#### [EXERCISE AIM]
Pictures stay out of the copy; output exactly the lines from the one containing "ACDelco 3/16 Inch" through the end of the material.

#### [RECORDED INFORMATION]
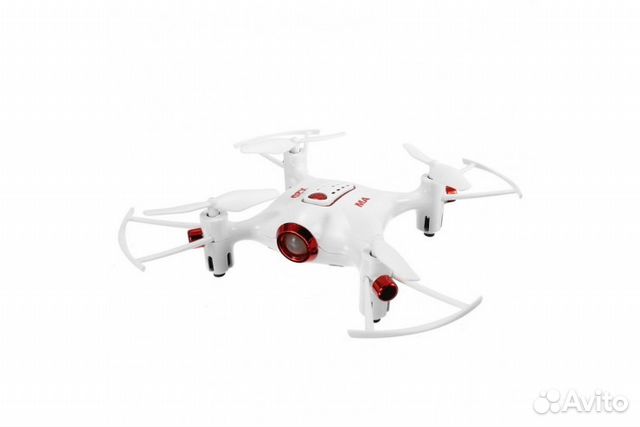 Радиоуправляемый квадрокоптер Syma X20 Pocket 2.4G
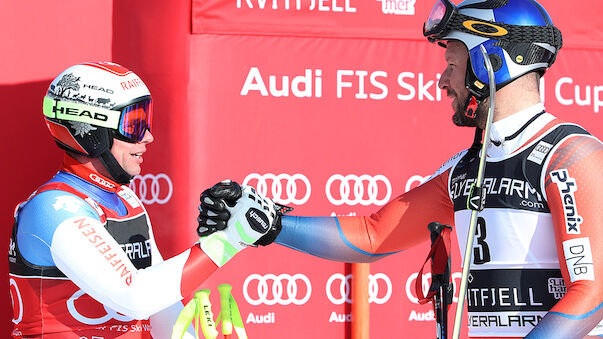 Deutscher Kitz-Sieger triumphiert in Kvitfjell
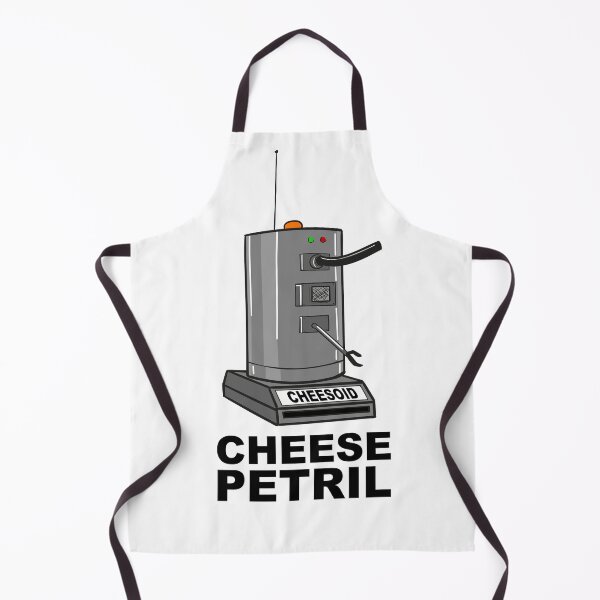 Item preview, Cheesoid: Cheese or Petril designed and sold by McPod.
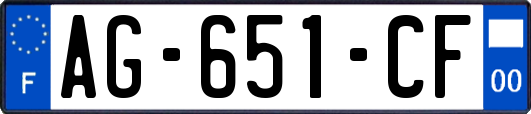 AG-651-CF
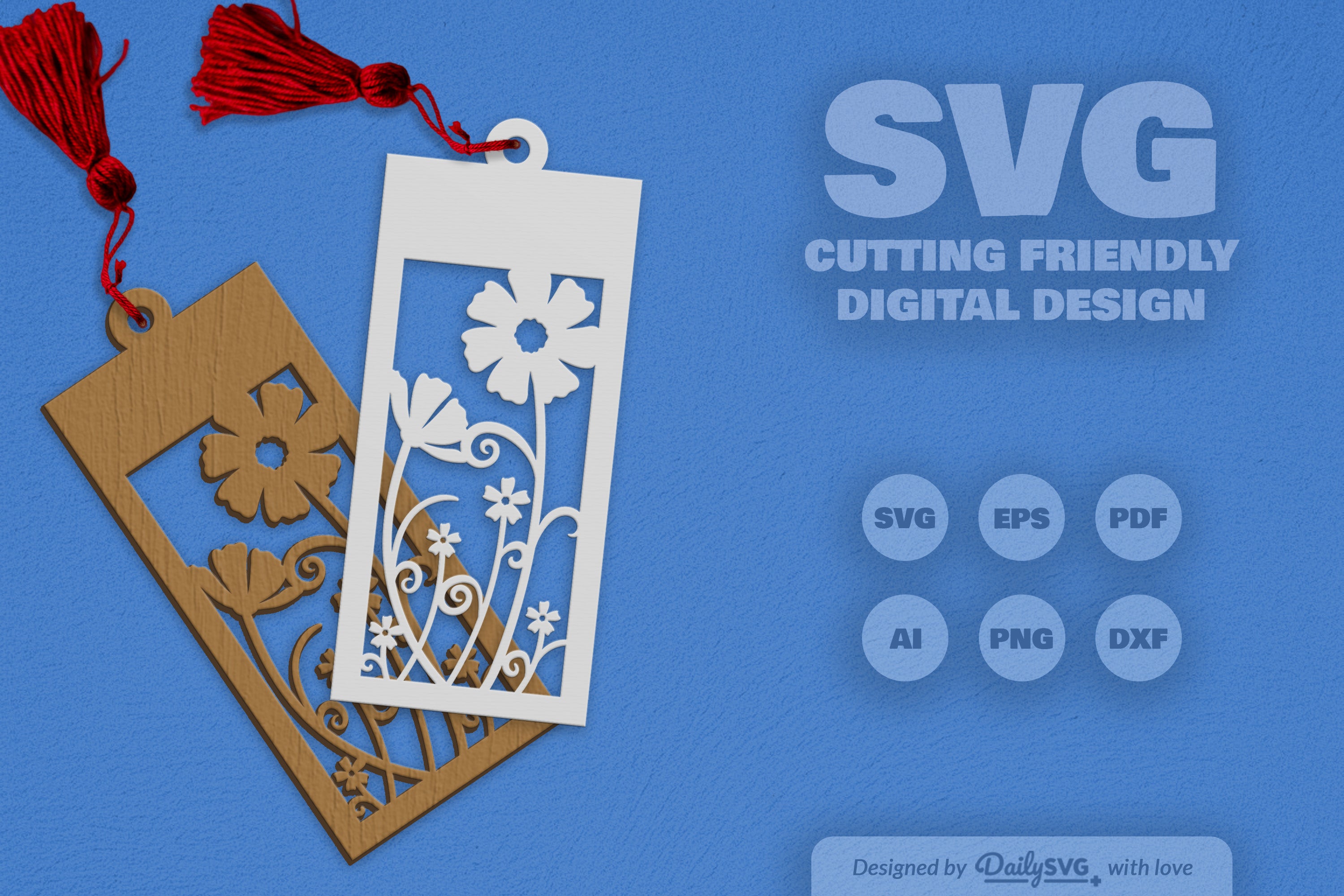 Wild Floral SVG Bundle 46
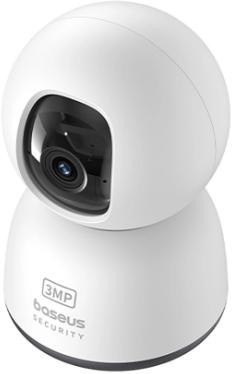 Kamera Baseus Security P1 Lite 2K (wersja EU) - biała S0TV002132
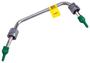 ACDelco 3/16 Inch I.D. 7 Inch Long Stainless Steel Fuel Feed Line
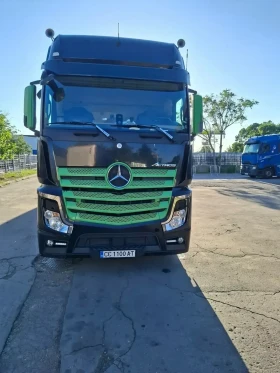  Mercedes-Benz Actros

#### [EXERCISE OUTPUT]
 ACDelco 3/16 Inch I.D. 7 Inch Long Stainless Steel Fuel Feed Line
  Mercedes-Benz Actros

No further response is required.